Insect cell/BEVS expression technologies
There are a number of different technologies that can be used to generate a recombinant baculovirus containing the gene of interest. Some of the most commonly used technologies are listed below. Screening protein expression using multiple baculovirus technologies can determine the most suitable for producing your target protein.
System |
Transfer Vectors |
Features |
Bac-to-BacTM |
pFastbac-1,
pFastBac Dual |
Requires integration with baculovirus shuttle vector (Bacmid) in bacterial host cell before transfection |
flashBACTM |
pBac-1 |
Transfection with linear DNA, recombination occurs within host insect cells. Deletion of chiA enables better secretion of recombinant protein |
BaculoGOLDTM |
pVL1392, 1393 |
Transfection with linear DNA, recombination occurs within host insect cells |
BaculoDirectTM |
pENTR |
Transfer vector recombines with linear DNA before transfection into host cell. Requires Ganciclovir as selection agent |
Cell lines
The most commonly used cell lines are Sf9 and High FiveTM (see table below). Both can be grown as adherent or suspension cultures and scaled up from microplates to shake flasks and rocking motion bioreactors. They are also able to be grown in serum-free media (SFM) and do not require the addition of CO2 gas. Some commonly used insect cell lines are listed in the table below.

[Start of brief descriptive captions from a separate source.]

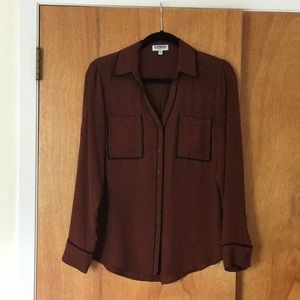 EXPRESS Portofino Shirt Slim Fit Brown/ Black Trim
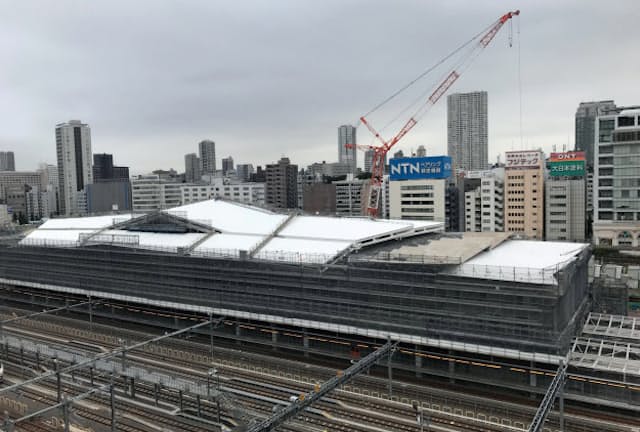 建設中の高輪ゲートウェイ駅（8月、東京都港区）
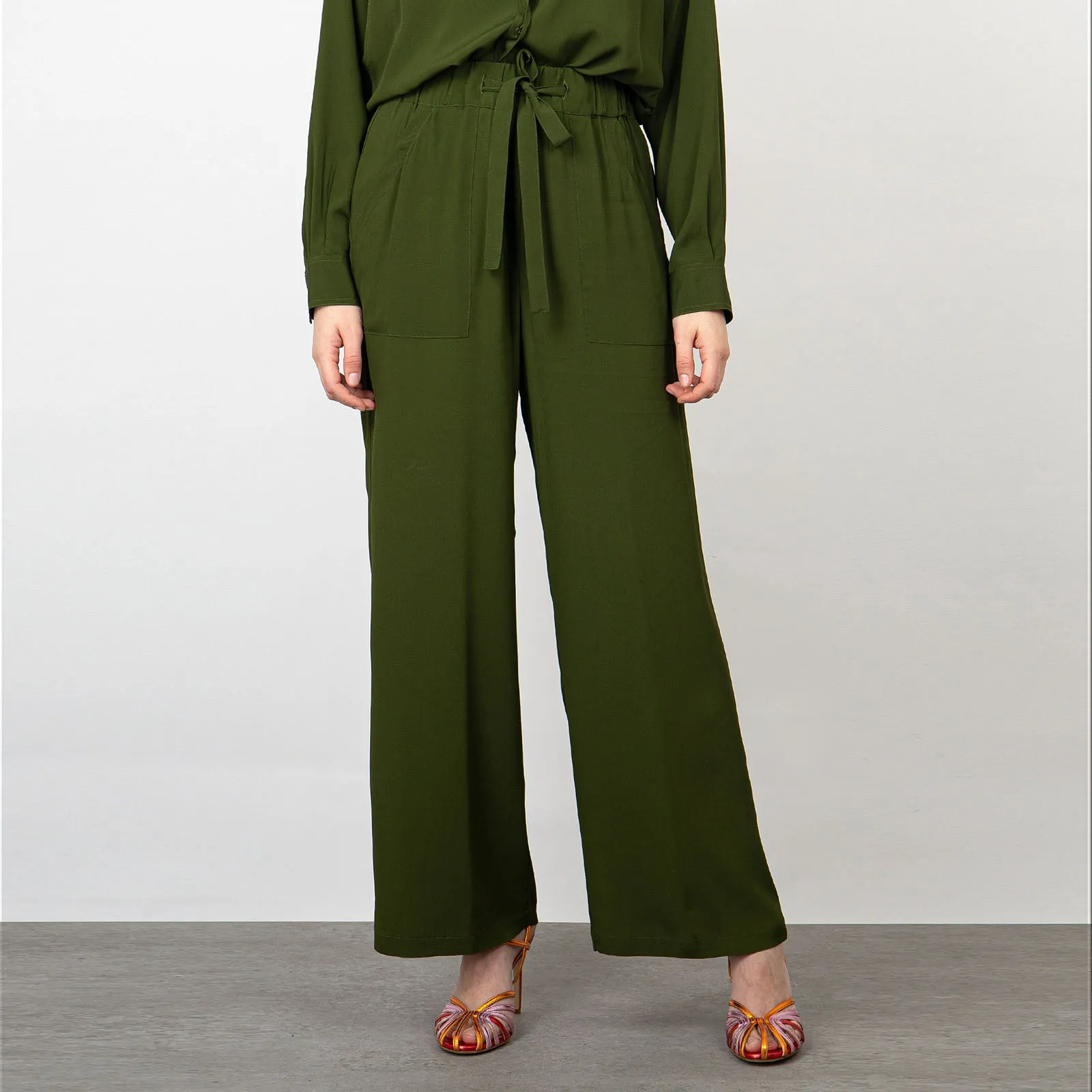 SemiCouture Pantalone Vanda Seta Verde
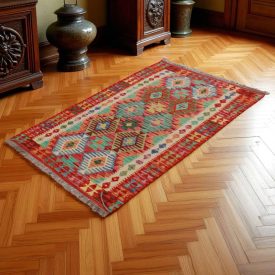   Chobi Kilim szőnyeg 156x98 kézi szövésű afgán gyapjú kilim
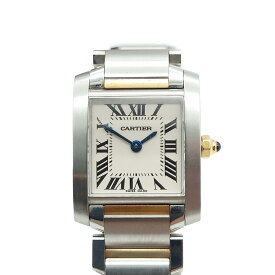カルティエ Cartier タンクフランセーズSM 時計 クオーツ 四角 スクエア 白文字盤 アナログ シンプル シック 華やか エレガント 高級感 きれいめ 気品 女性的 上品 上質 シルバー ゴールド ホワイト文字盤 750 金 18Kを含む W51007Q4 レディース 【中古 AB品】送料無料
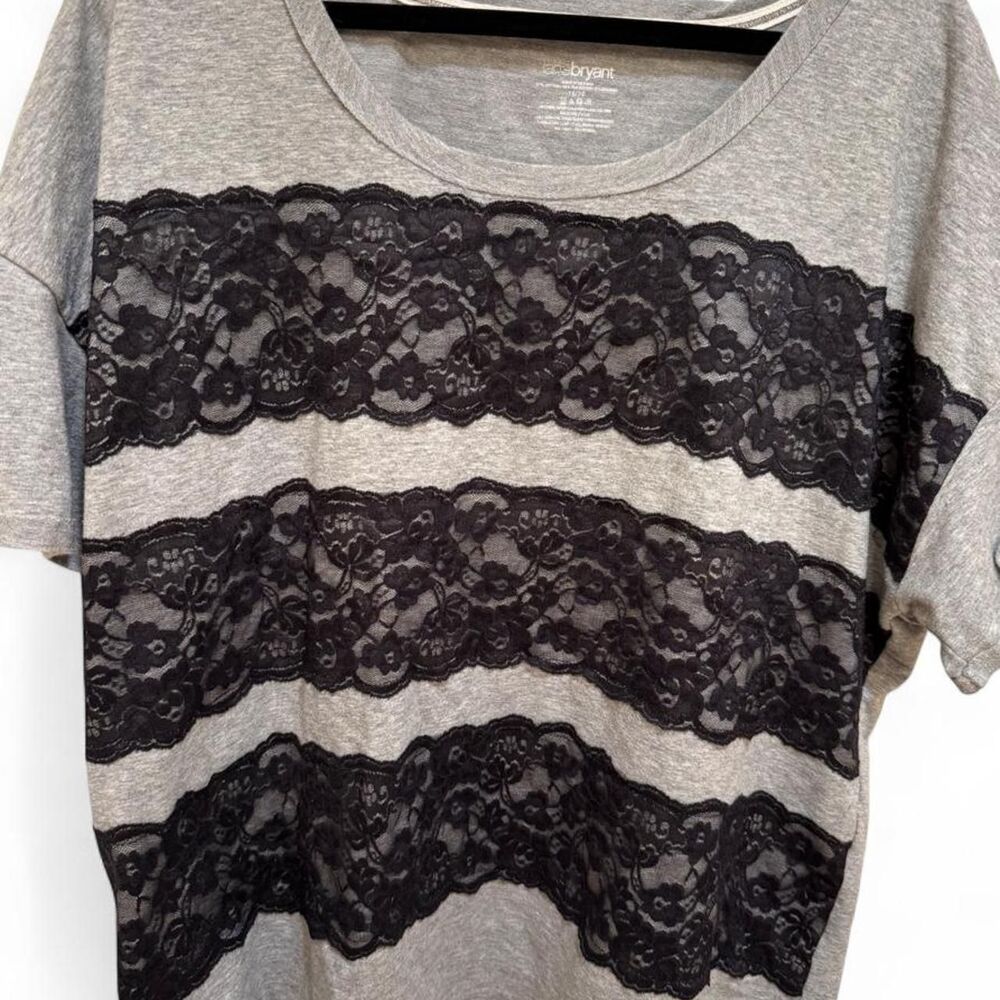 Lane Bryant Women's Grey & Black Lace Coquette Comfy Softcore T-shirt
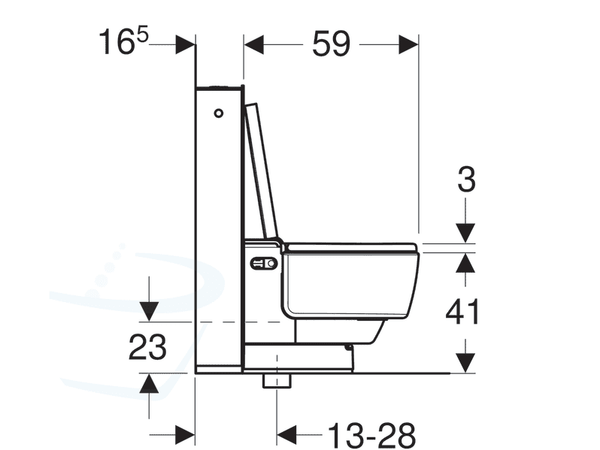 Geberit AquaClean Mera Classic toiletsysteem vloerstaande wc lijntekening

Selection of the right cell line is critical for successful protein production and PEF recommends screening at least two insect cell lines. Plasmids, strains and cells are available from the UQ resource centre.
Cell Line |
Origin |
Features |
Sf9 |
Spodoptera frugiperda |
Adapted to SFM, commonly used to express all types of recombinant proteins |
Mimic Sf9 |
Spodoptera frugiperda |
Adapted to SFM, expresses mammalian glycosyltransferases to generate proteins with more complex N-glycan structures |
High FiveTM |
Trichoplusia ni |
Adapted to SFM, commonly used for secretion of recombinant proteins |
Growth temperature
Although insect cells are typically cultured at 27°C, lowering the temperature (e.g. to 21˚C) can improve protein folding and target protein production.
Expression duration
The timeframe of protein expression can also play a role in successful target protein production. For example, protein harvested 48 hours post infection (hpi) may have a different expression profile to protein harvested at 72 hpi. Screening protein expression at multiple time points may determine the optimal condition for your target protein.